Exercise prompt » Without the pictures, write out all the lines below exactly as they appear.

Material for this task »
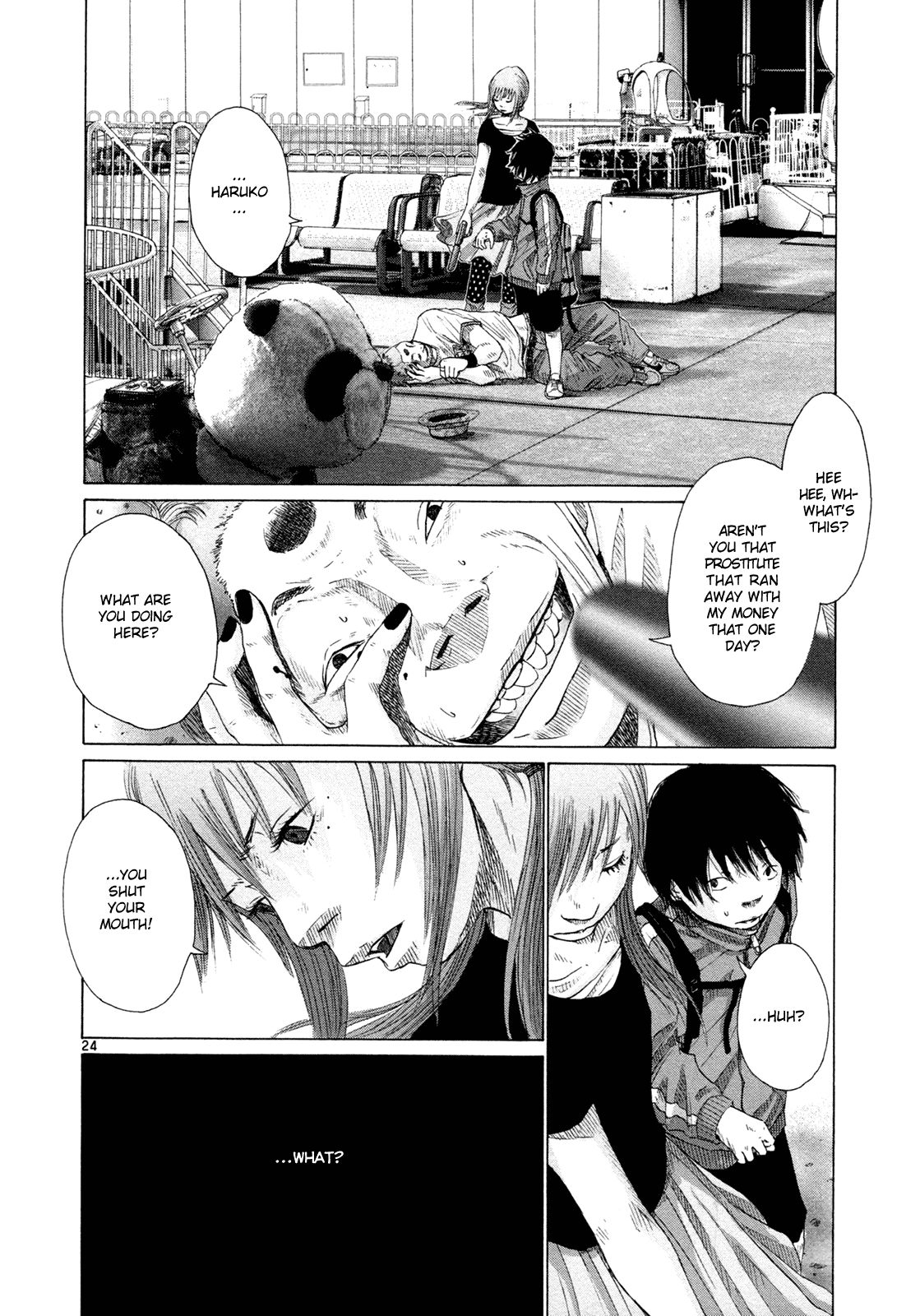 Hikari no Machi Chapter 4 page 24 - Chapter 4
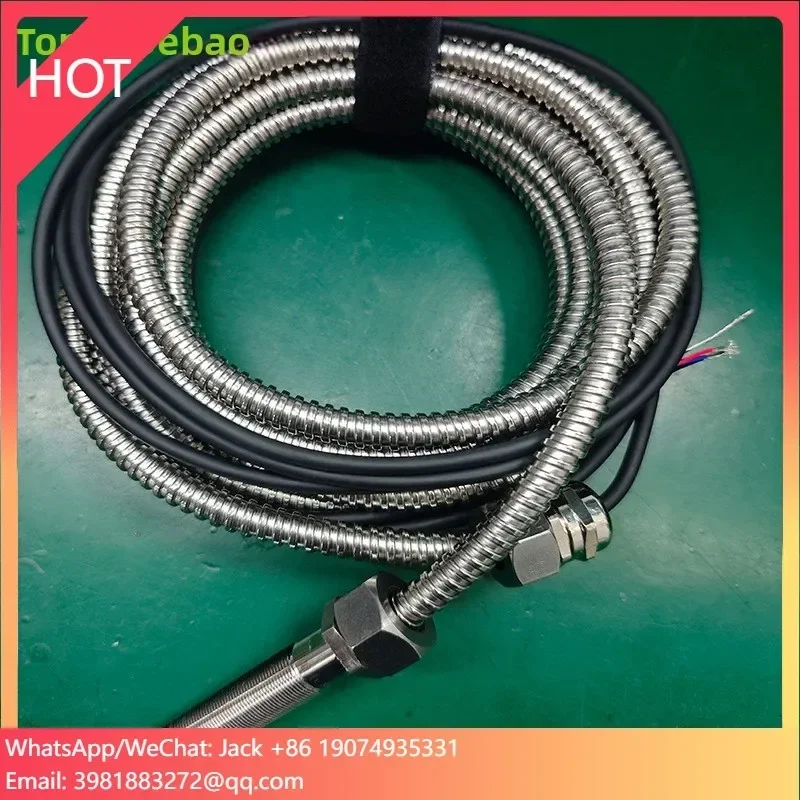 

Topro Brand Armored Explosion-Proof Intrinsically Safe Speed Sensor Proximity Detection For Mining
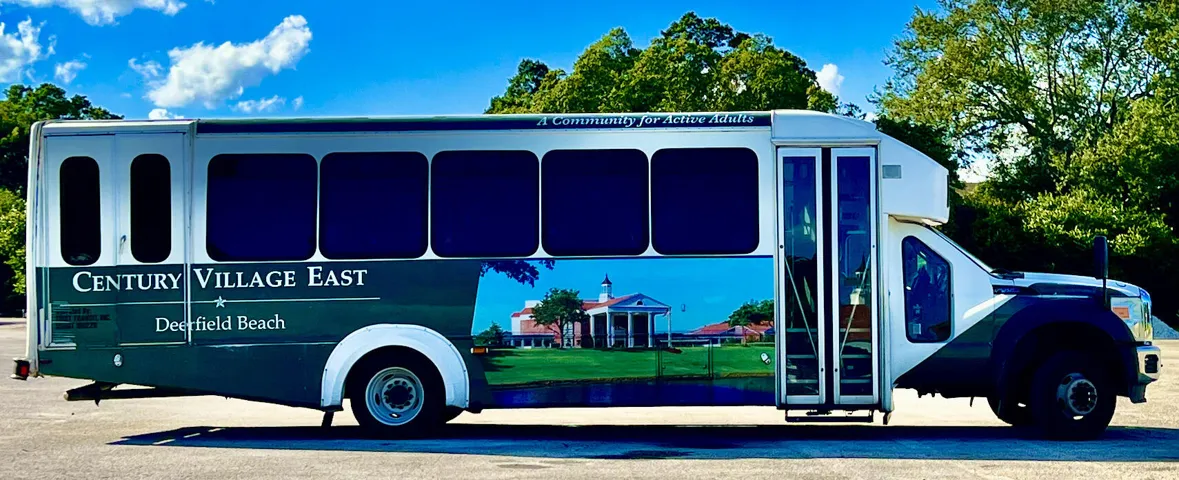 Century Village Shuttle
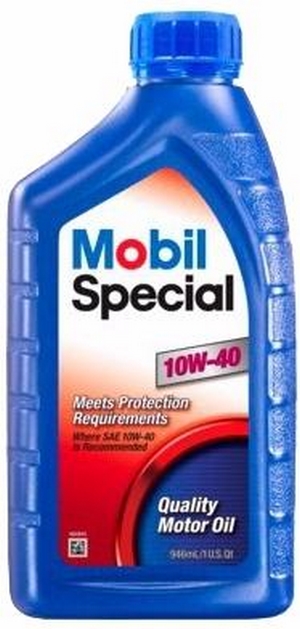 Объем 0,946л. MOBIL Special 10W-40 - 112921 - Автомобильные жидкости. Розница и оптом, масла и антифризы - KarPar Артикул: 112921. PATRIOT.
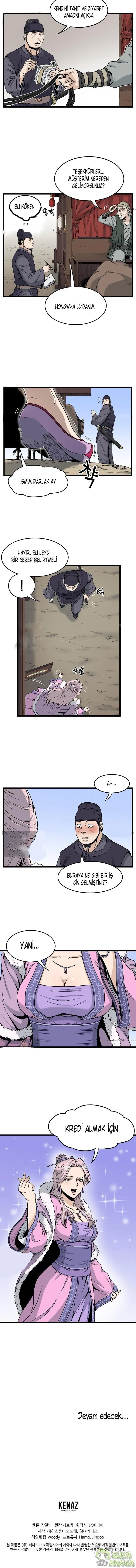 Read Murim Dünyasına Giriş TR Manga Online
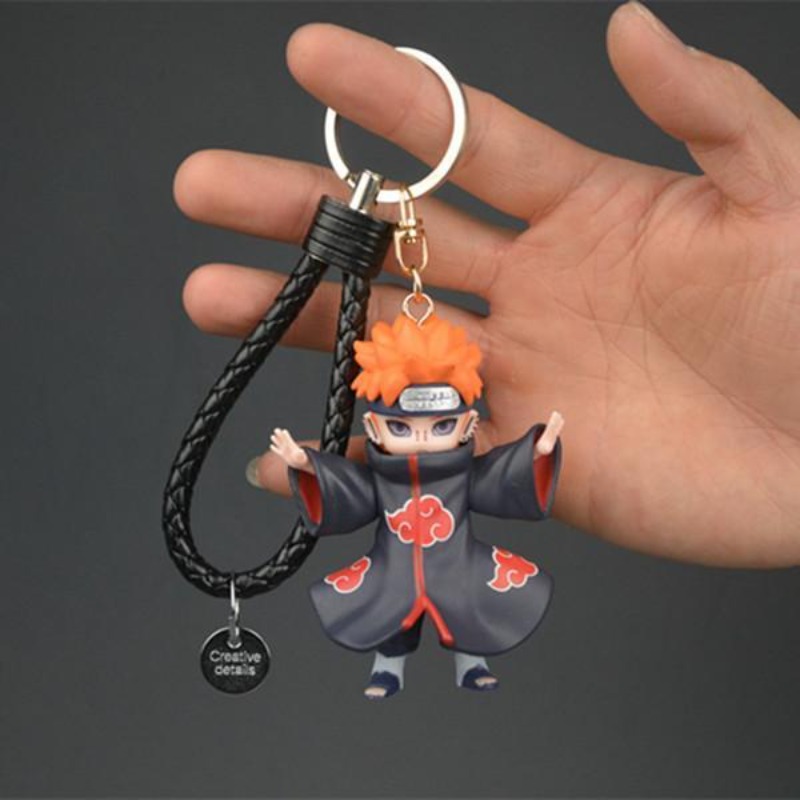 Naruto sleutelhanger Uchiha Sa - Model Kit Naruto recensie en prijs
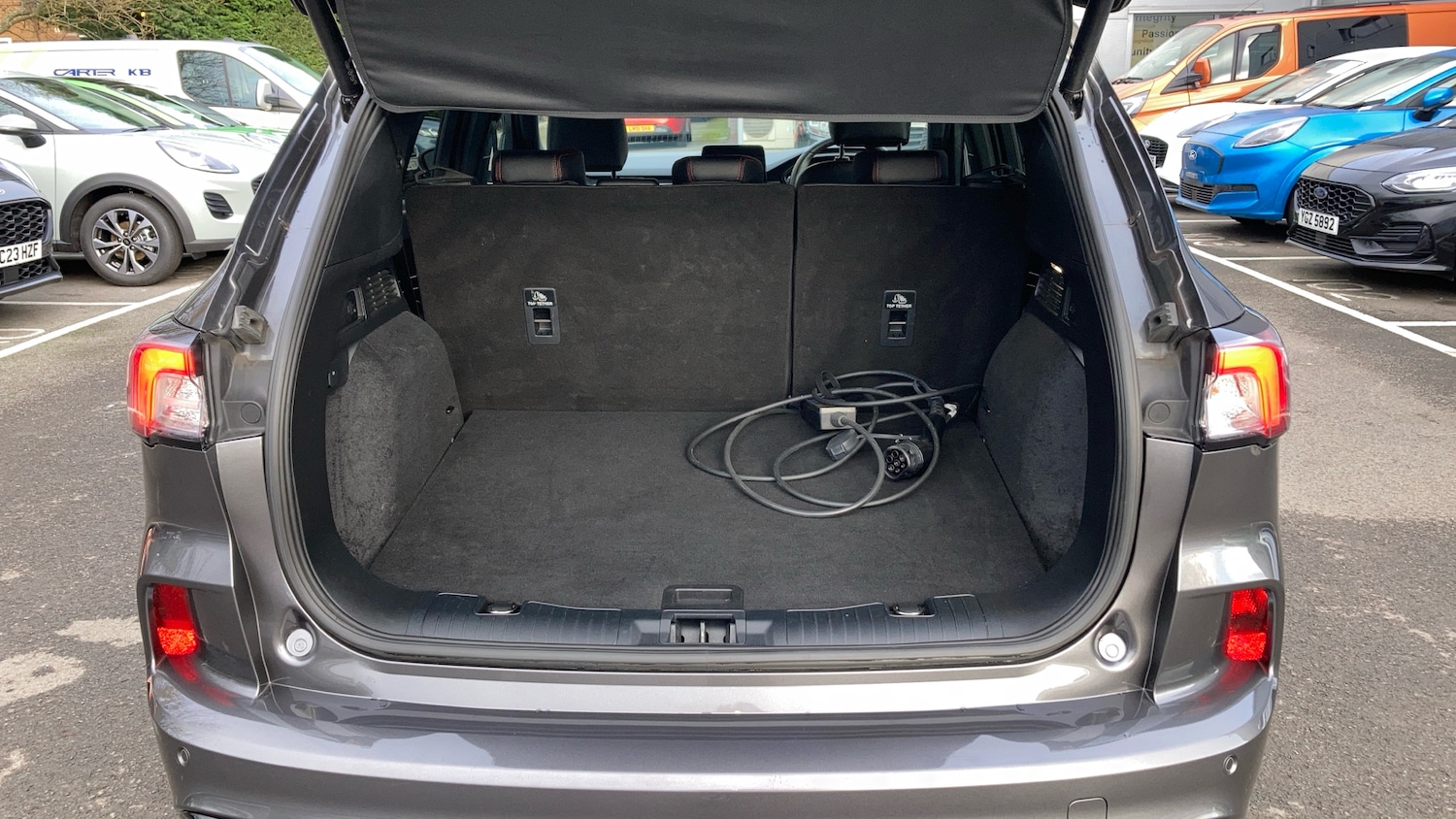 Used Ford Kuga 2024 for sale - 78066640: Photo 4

Output below »
 Hikari no Machi Chapter 4 page 24 - Chapter 4

Topro Brand Armored Explosion-Proof Intrinsically Safe Speed Sensor Proximity Detection For Mining
 Century Village Shuttle
 Объем 0,946л. MOBIL Special 10W-40 - 112921 - Автомобильные жидкости. Розница и оптом, масла и антифризы - KarPar Артикул: 112921. PATRIOT.
 Read Murim Dünyasına Giriş TR Manga Online
 Naruto sleutelhanger Uchiha Sa - Model Kit Naruto recensie en prijs
 Used Ford Kuga 2024 for sale - 78066640: Photo 4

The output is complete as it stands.